An epic and unheard of story of a rescue operation to free a graduate student from ISIS captivity is grabbing world headlines after it was revealed that a professor at a Swedish university financed and put together the whole plan by hiring mercenaries for the high risk venture of entering Islamic State territory.
In 2014 a chemistry PhD student named Firas Jumaah returned to his native Iraq while on break from Lund University, located outside of Malmo, Sweden. He returned in order to help his family escape ISIS, which at that time was sweeping northern Iraq, especially decimating the ethno-religious Yazidi community, to which Jumaah's family belonged.

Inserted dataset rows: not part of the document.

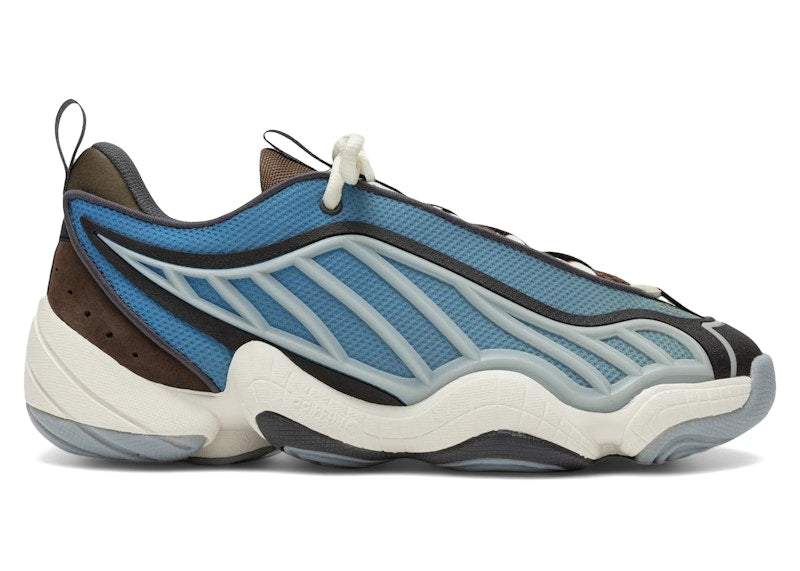 adidas Intimidation Low Packer Shoes Parisian Blue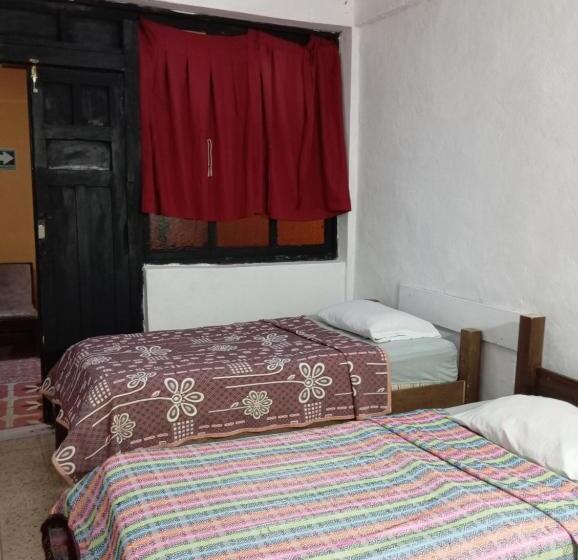 فندق صغير Posada Carmelita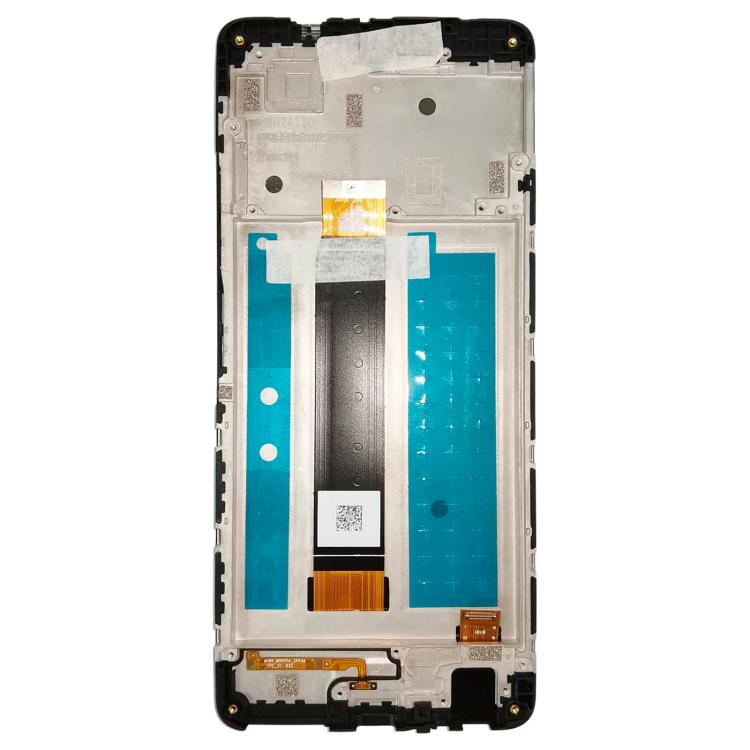 For Blackview SHARK 8 LCD Screen with Digitizer Full Assembly - Blackview by buy2fix | Online Shopping UK | buy2fix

In a cryptic text message Jumaah notified his graduate professor in Analytical Chemistry, Charlotta Turner, that he would not be returning to his studies. ISIS had advanced so rapidly that Jumaah and his family were trapped behind Islamic State lines.
According to Sweden's The Local, which broke the story, Jumaah notified Lund University that he and his family were "hiding out in a disused bleach factory, with the sounds of gunshots from Isis warriors roaming the town reverberating around them."
Though little in the way of details have been given, the professor along with Lund University's then-security chief Per Gustafson took matters into their own hands, reportedly hiring a private security company to enter Iraq to search for Jumaah and his family. A team of mercenaries was then dispatched into Islamic State territory, which at that time stretched across Iraq's second largest city of Mosul.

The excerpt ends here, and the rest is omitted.